▶ _What to do_
All lines from the top of the records below through the line holding "Image 4 of 39", and only those, should be printed exactly, minus the pictures.

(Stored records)
:::
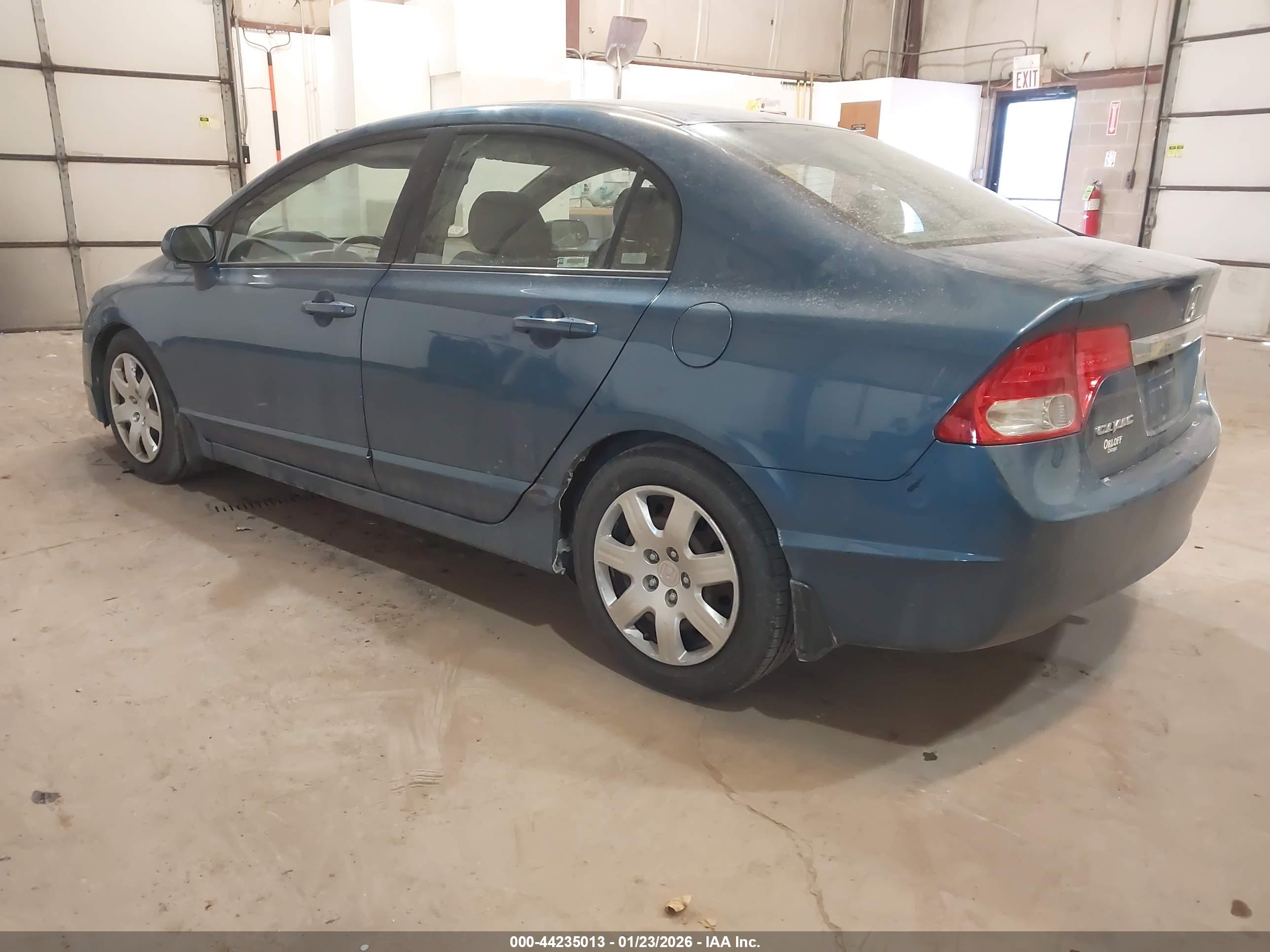 HONDA CIVIC image 3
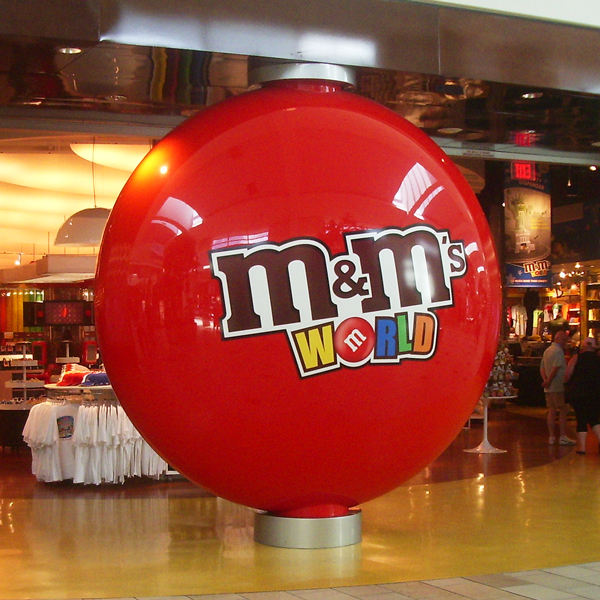 M&M's World Flagship Experience Outform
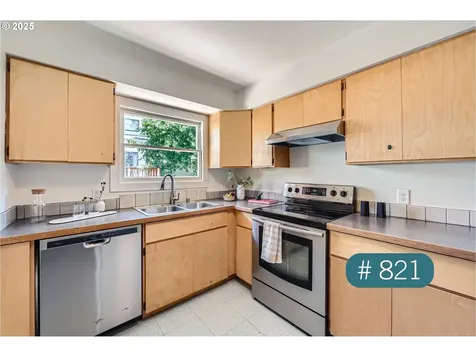 815/821 NE Holman Street Portland OR 97211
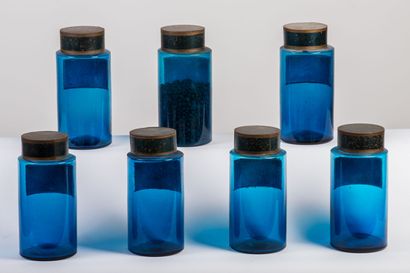 null Ensemble de 7 pots à pharmacie en verre bleu, à étiquettes de porcelaine, les...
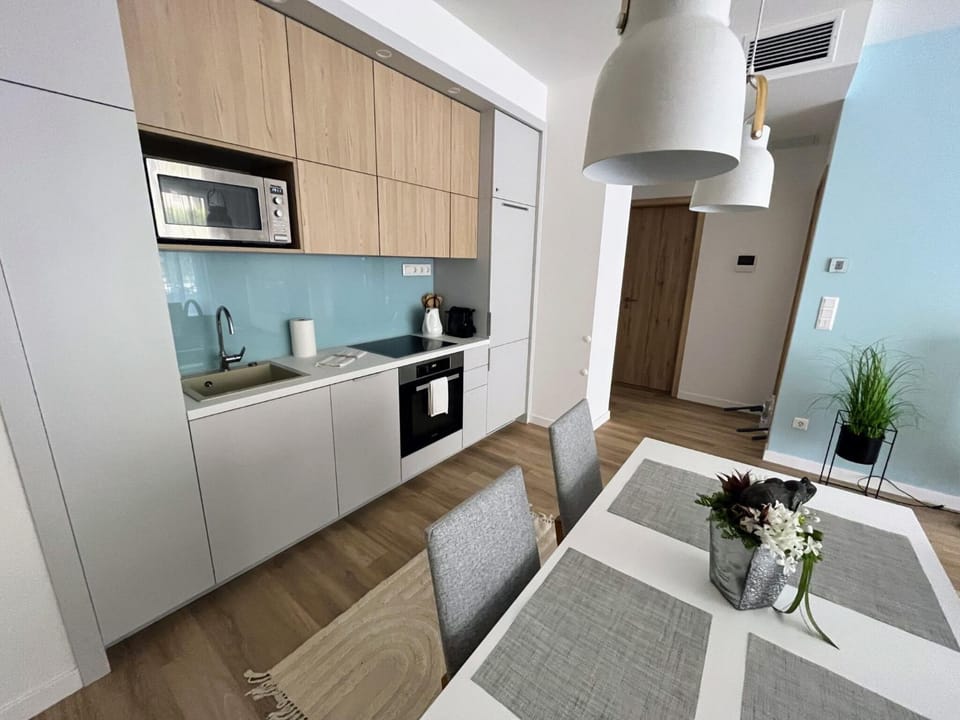 Kitchen or kitchenette, Dining area, dishwasher, minibar, stove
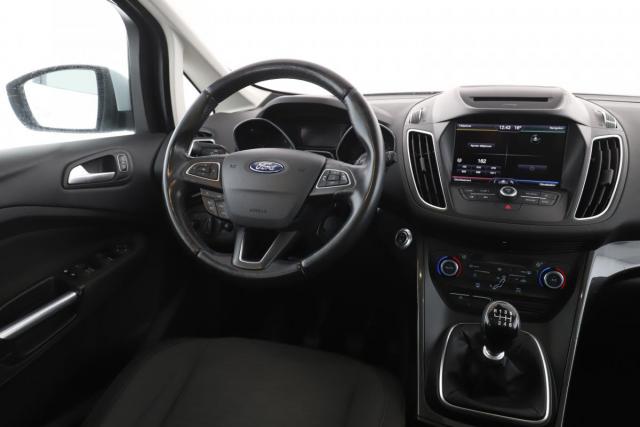 Ford C-Max image 7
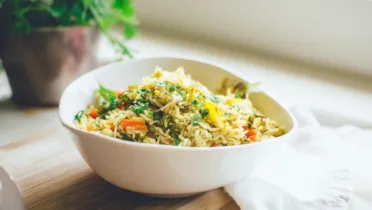 Фото блюда: Овощной плов на кокосовом масле — ароматный и полезный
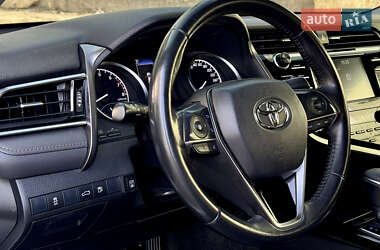 Седан Toyota Camry 2017 в 
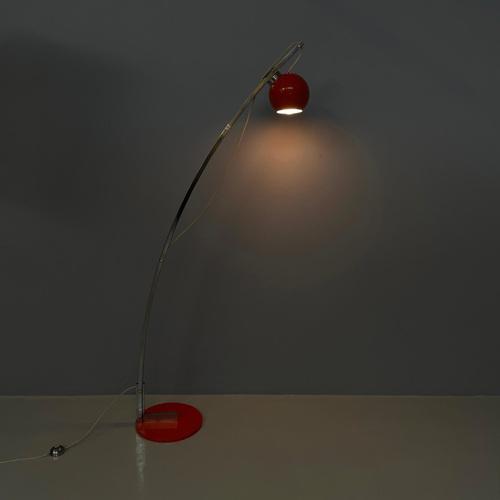 Italian space age Adjustable floor lamp in metal and orange metal, 1970s Vintage and fantastic floor lamp with spherical...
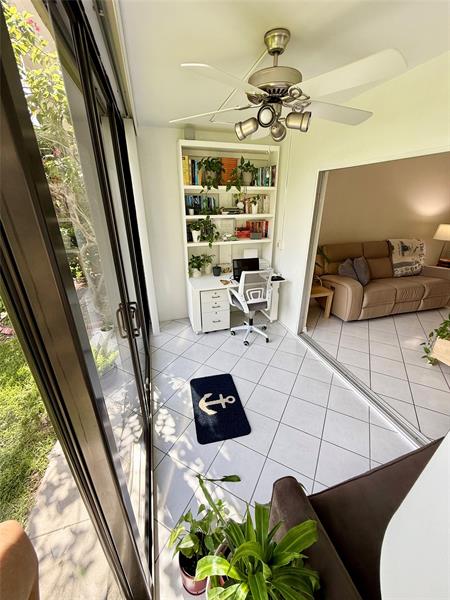Image 4 of 39 For 2350 14th Street Cswy  108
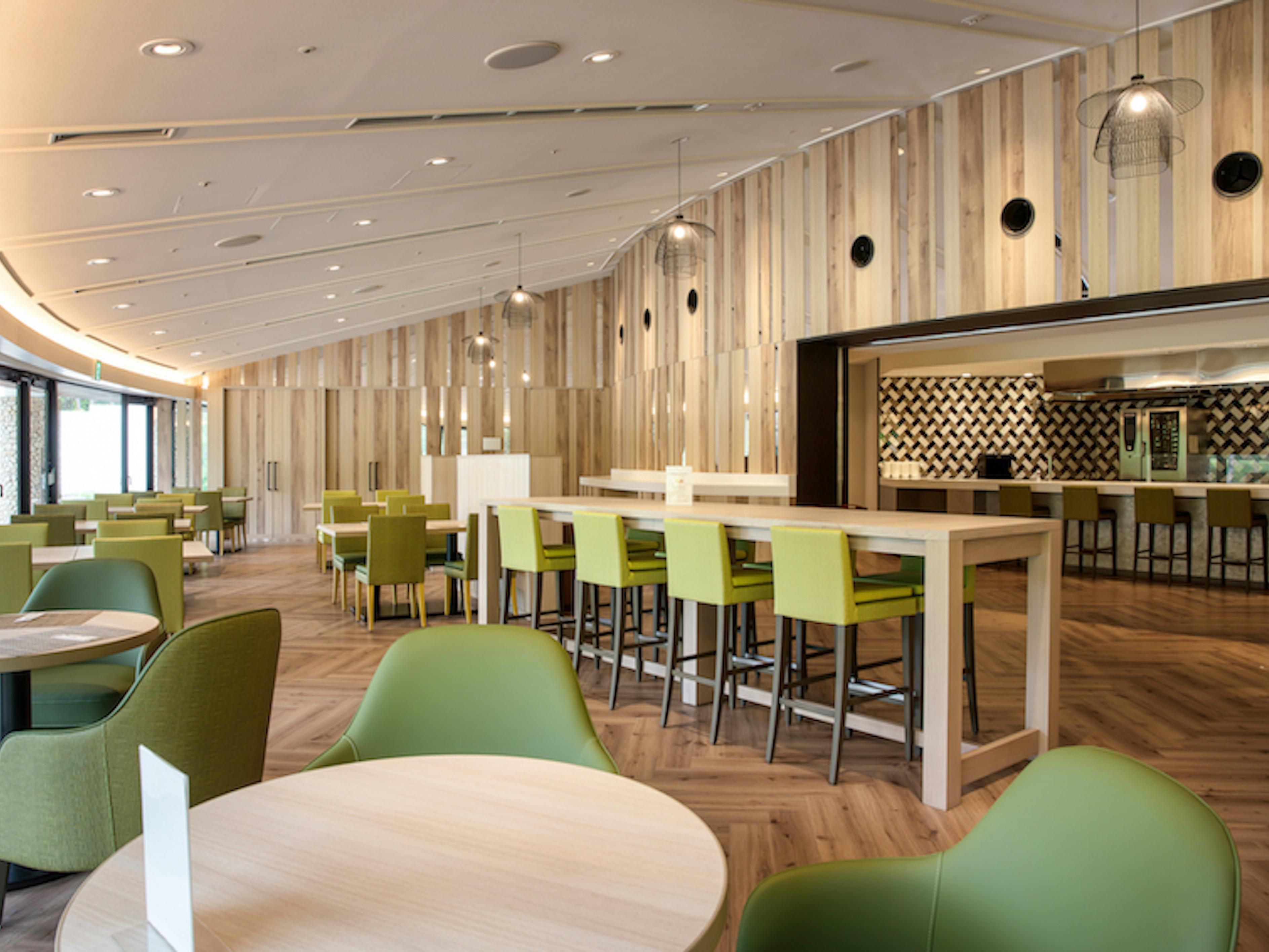 Nourished by water from the Takase River and the mountains of the surrounding Northern Alps, the land around hotel provides an abundant harvest of fresh produce. Inspired by the range of local, seasonal ingredients available, the chefs create a continually evolving menu of dishes rooted in Japanese tradition but enhanced with international flair.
:::
▶ _Answer box_
 HONDA CIVIC image 3
 M&M's World Flagship Experience Outform
 815/821 NE Holman Street Portland OR 97211
 null Ensemble de 7 pots à pharmacie en verre bleu, à étiquettes de porcelaine, les...
 Kitchen or kitchenette, Dining area, dishwasher, minibar, stove
 Ford C-Max image 7
 Фото блюда: Овощной плов на кокосовом масле — ароматный и полезный
 Седан Toyota Camry 2017 в 
 Italian space age Adjustable floor lamp in metal and orange metal, 1970s Vintage and fantastic floor lamp with spherical...
Image 4 of 39 For 2350 14th Street Cswy  108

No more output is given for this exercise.